◆ **Provided data**:
=====

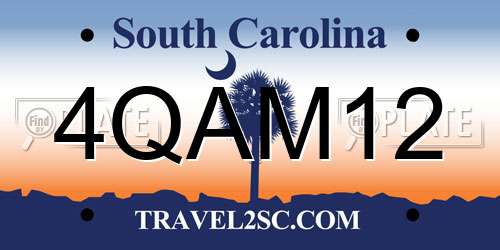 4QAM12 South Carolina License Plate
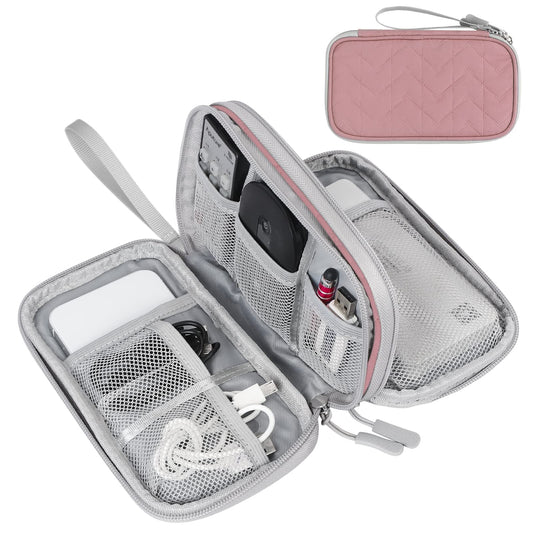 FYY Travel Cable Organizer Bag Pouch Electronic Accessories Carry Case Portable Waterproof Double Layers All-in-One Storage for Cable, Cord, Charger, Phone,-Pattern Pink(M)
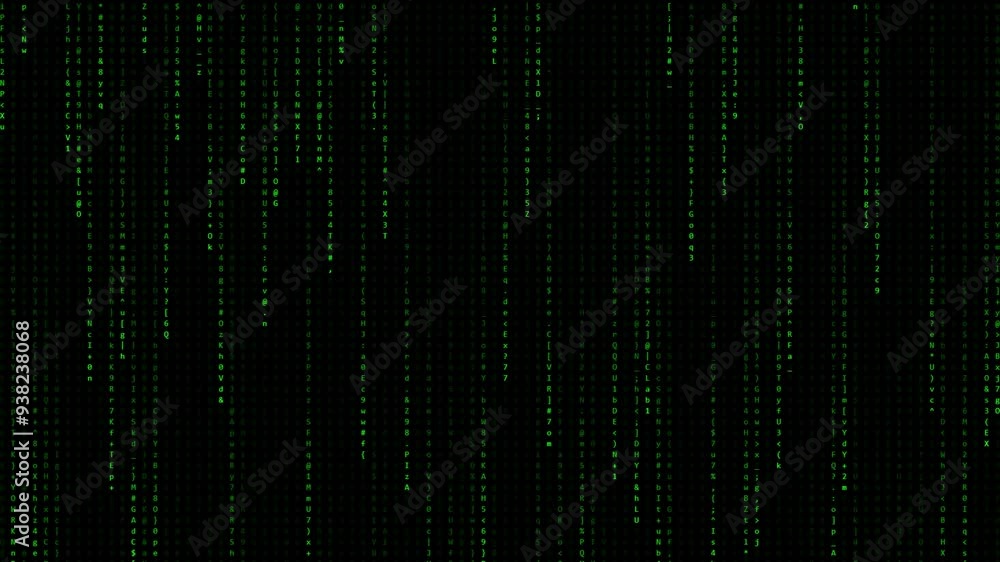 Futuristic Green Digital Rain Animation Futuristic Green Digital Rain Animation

=====

◆ **Problem to work on**: Leave every picture out, and reproduce exactly the lines from the line bearing "FYY Travel Cable" through the closing line of the material above.

◆ **Your response**:
 FYY Travel Cable Organizer Bag Pouch Electronic Accessories Carry Case Portable Waterproof Double Layers All-in-One Storage for Cable, Cord, Charger, Phone,-Pattern Pink(M)
 Futuristic Green Digital Rain Animation Futuristic Green Digital Rain Animation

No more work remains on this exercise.